START Input data
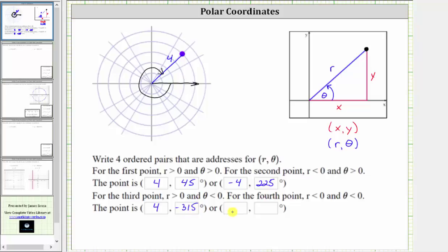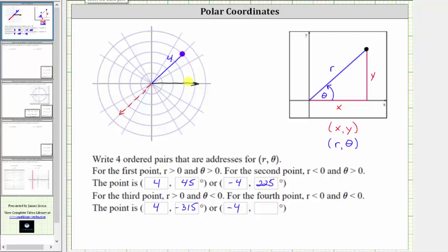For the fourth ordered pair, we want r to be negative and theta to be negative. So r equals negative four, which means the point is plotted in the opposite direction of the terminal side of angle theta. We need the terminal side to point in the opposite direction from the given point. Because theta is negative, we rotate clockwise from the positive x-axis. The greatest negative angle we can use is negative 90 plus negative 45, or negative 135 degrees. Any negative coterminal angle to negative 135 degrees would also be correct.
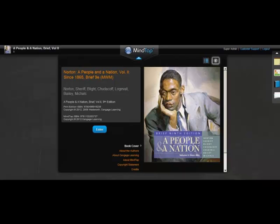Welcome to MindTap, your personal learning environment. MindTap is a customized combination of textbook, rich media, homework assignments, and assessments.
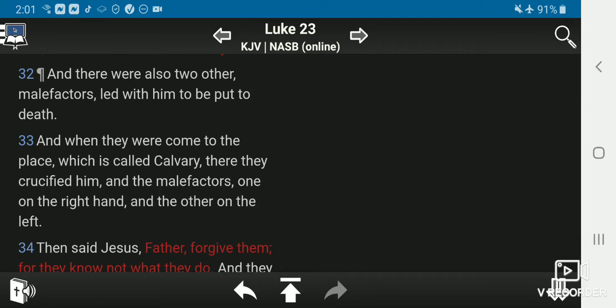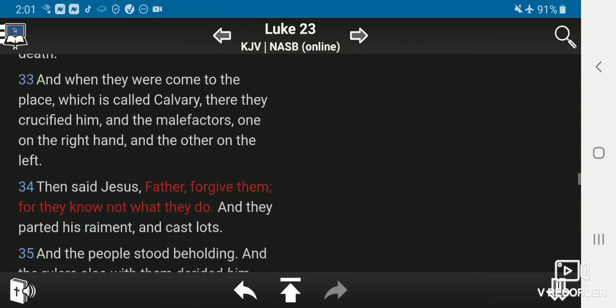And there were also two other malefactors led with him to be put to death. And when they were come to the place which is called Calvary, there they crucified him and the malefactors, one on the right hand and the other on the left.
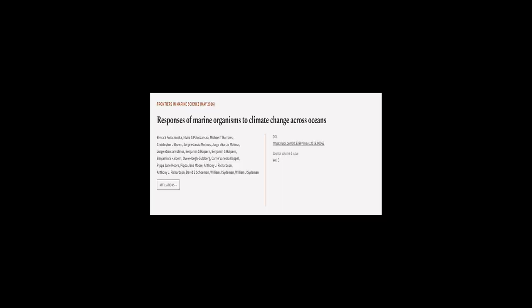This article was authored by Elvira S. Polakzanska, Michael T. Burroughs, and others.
END Input data
START Input data
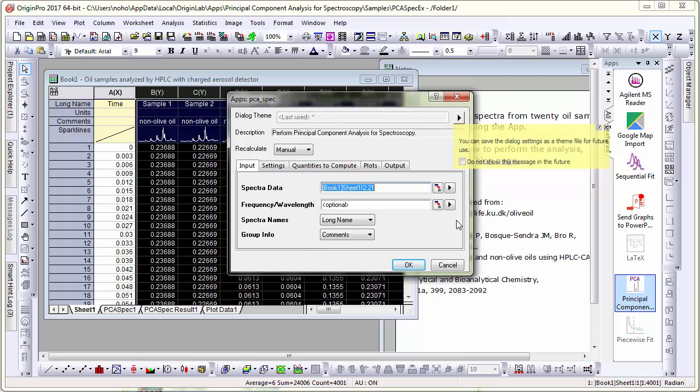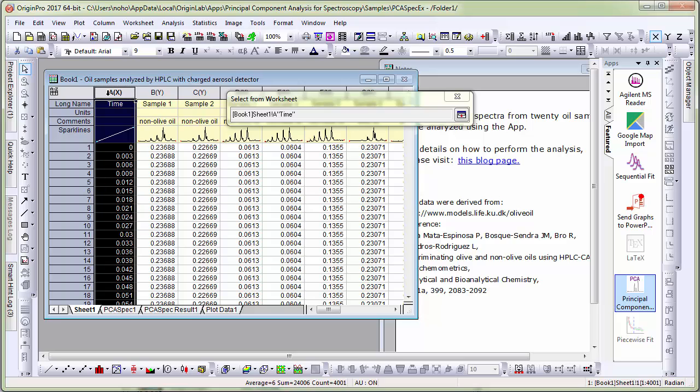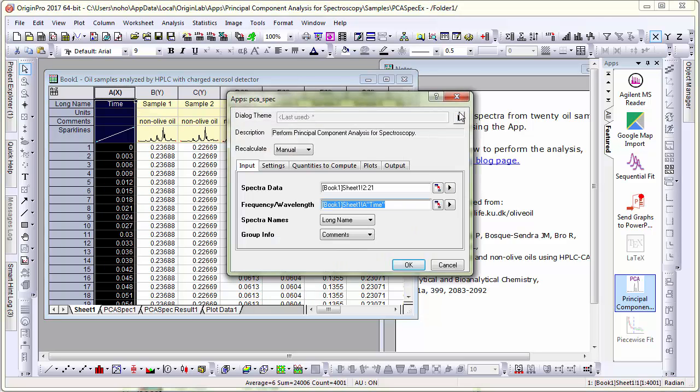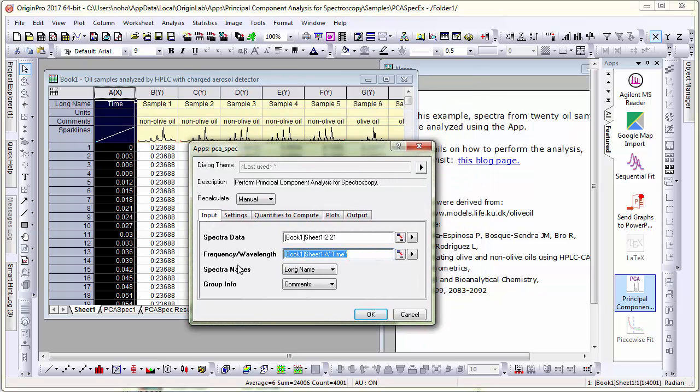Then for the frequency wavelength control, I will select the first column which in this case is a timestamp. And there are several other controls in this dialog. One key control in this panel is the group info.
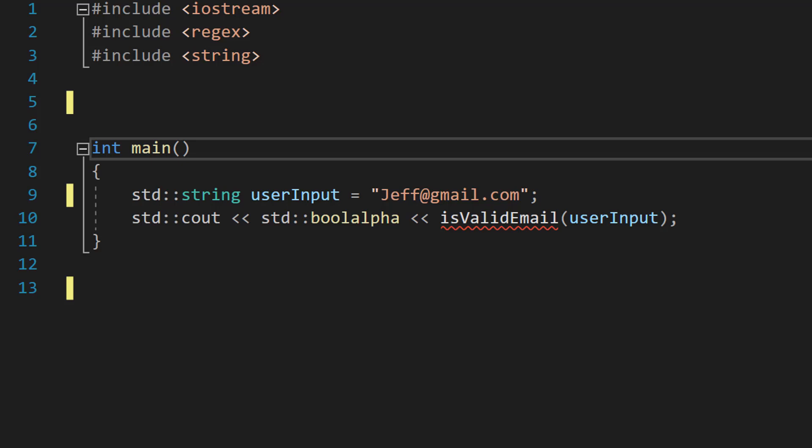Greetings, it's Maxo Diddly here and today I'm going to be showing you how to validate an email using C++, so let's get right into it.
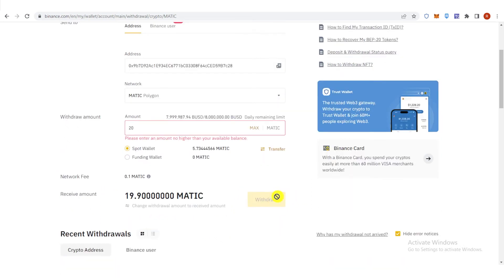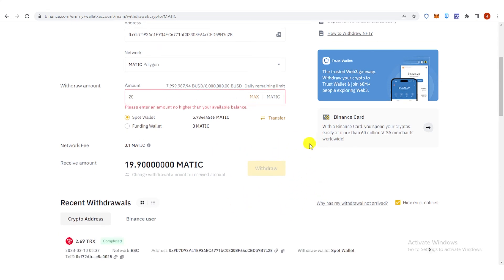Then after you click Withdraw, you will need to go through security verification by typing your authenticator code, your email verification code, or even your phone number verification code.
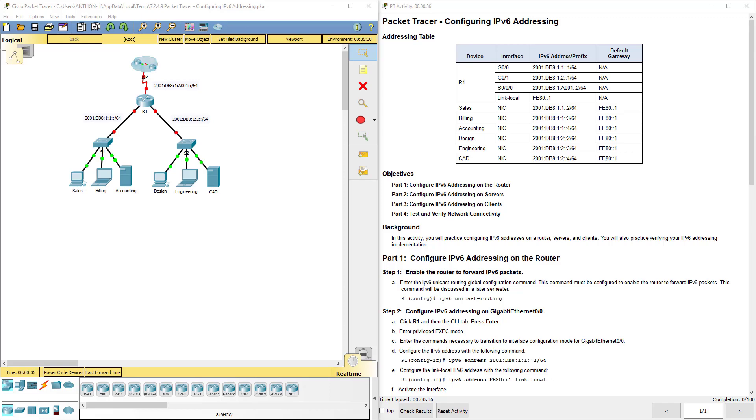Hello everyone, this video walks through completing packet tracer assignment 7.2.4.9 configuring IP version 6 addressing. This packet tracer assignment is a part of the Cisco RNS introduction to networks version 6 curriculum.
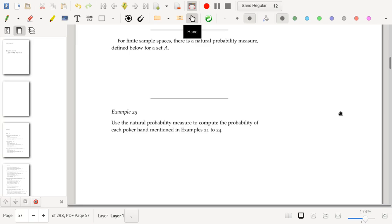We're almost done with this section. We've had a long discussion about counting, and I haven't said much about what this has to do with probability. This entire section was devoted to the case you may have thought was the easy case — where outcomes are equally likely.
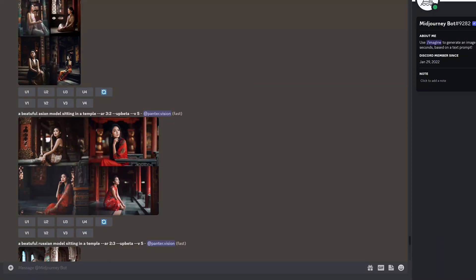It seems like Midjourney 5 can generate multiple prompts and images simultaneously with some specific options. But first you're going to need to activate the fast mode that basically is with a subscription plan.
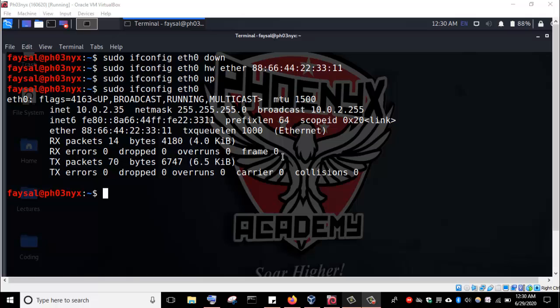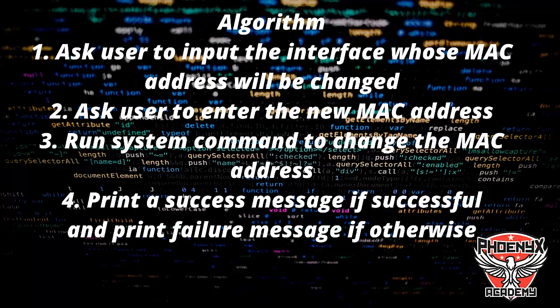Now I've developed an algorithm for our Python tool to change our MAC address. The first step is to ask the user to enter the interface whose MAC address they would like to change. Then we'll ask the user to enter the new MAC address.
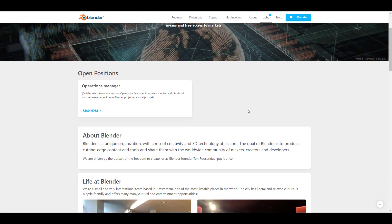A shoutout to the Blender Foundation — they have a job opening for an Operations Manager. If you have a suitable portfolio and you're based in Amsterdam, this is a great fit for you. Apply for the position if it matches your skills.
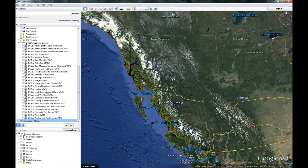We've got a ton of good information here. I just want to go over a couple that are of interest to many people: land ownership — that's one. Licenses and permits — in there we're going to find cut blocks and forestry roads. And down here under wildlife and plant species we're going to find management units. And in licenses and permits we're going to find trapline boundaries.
END Input data
START Input data
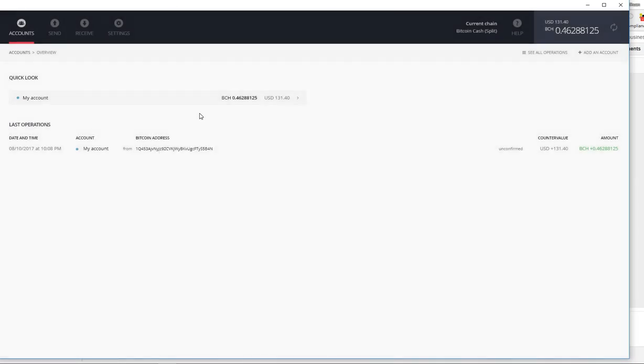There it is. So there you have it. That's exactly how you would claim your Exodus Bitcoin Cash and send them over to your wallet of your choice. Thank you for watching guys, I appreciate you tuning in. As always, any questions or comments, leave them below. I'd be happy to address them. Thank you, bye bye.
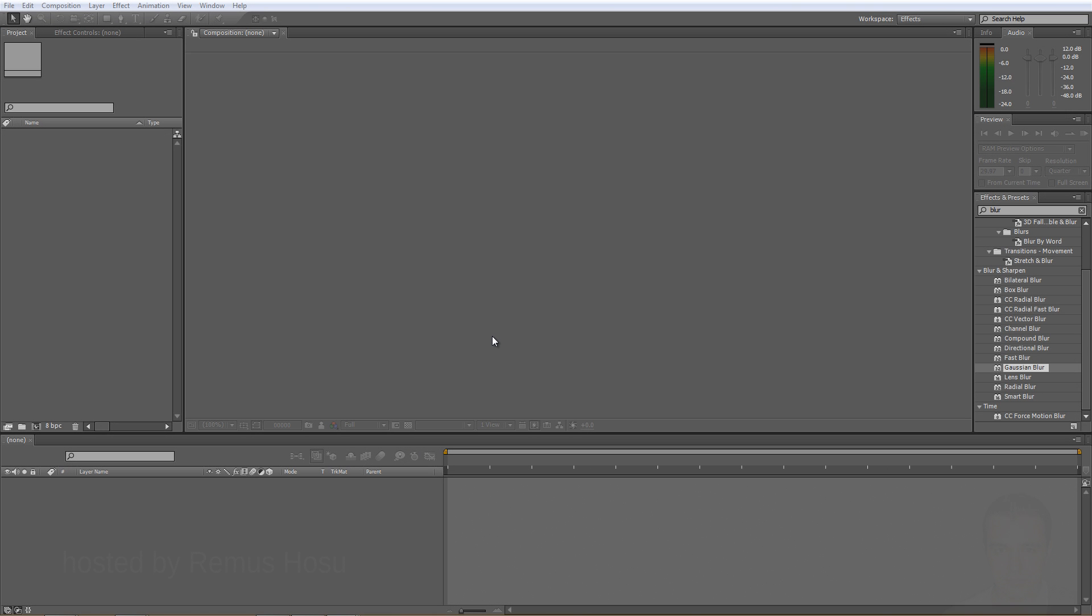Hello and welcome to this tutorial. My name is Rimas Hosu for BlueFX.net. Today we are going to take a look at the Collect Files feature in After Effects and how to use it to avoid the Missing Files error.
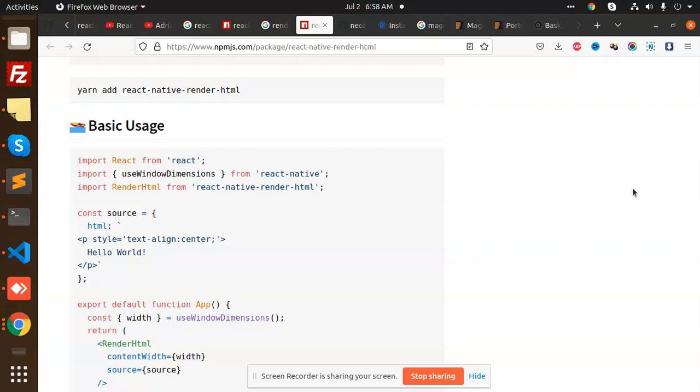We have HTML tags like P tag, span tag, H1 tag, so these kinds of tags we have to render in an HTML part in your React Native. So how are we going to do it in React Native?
END Input data
- [Problem] From the records above, write out exactly the lines that begin at the line with "Hello everyone, this" and end at the line with "We've got a". Pictures must not appear in the output.

- [Exercise response]
Hello everyone, this video walks through completing packet tracer assignment 7.2.4.9 configuring IP version 6 addressing. This packet tracer assignment is a part of the Cisco RNS introduction to networks version 6 curriculum.
We're almost done with this section. We've had a long discussion about counting, and I haven't said much about what this has to do with probability. This entire section was devoted to the case you may have thought was the easy case — where outcomes are equally likely.
It seems like Midjourney 5 can generate multiple prompts and images simultaneously with some specific options. But first you're going to need to activate the fast mode that basically is with a subscription plan.
Now I've developed an algorithm for our Python tool to change our MAC address. The first step is to ask the user to enter the interface whose MAC address they would like to change. Then we'll ask the user to enter the new MAC address.
A shoutout to the Blender Foundation — they have a job opening for an Operations Manager. If you have a suitable portfolio and you're based in Amsterdam, this is a great fit for you. Apply for the position if it matches your skills.
We've got a ton of good information here. I just want to go over a couple that are of interest to many people: land ownership — that's one. Licenses and permits — in there we're going to find cut blocks and forestry roads. And down here under wildlife and plant species we're going to find management units. And in licenses and permits we're going to find trapline boundaries.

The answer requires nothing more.